Record set —
Start of Block

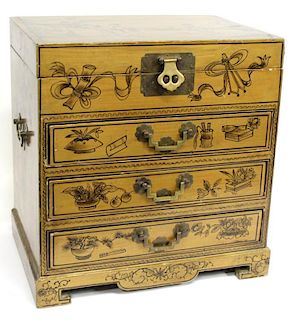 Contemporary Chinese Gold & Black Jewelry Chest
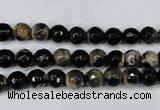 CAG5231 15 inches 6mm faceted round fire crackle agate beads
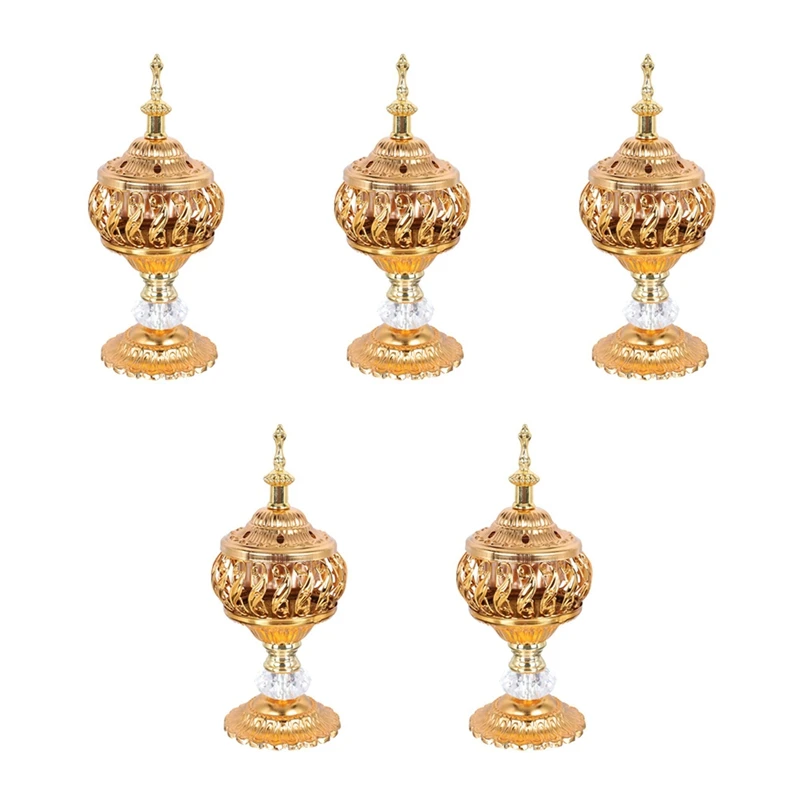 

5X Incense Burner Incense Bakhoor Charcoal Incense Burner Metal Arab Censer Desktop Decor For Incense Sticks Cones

End of Block
Start of Block

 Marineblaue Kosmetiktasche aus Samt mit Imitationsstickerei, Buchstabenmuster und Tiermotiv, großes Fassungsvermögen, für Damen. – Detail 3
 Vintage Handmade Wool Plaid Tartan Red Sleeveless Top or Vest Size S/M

End of Block
Start of Block

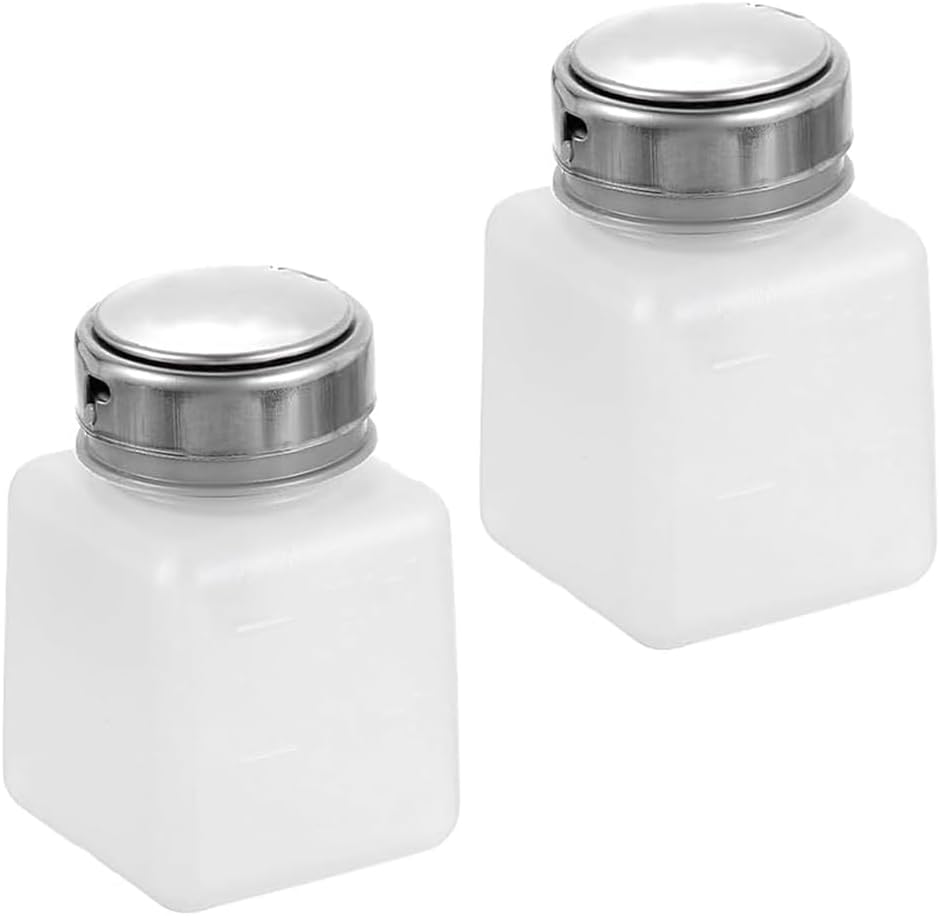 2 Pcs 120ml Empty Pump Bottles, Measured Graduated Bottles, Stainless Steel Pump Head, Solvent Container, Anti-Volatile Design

End of Block

What this task involves — The response must repeat exactly the lines above from the one with "CAG5231 15 inches" through the one with "5X Incense Burner", including both, and must contain no pictures and no other text.

Exercise answer —
 CAG5231 15 inches 6mm faceted round fire crackle agate beads

5X Incense Burner Incense Bakhoor Charcoal Incense Burner Metal Arab Censer Desktop Decor For Incense Sticks Cones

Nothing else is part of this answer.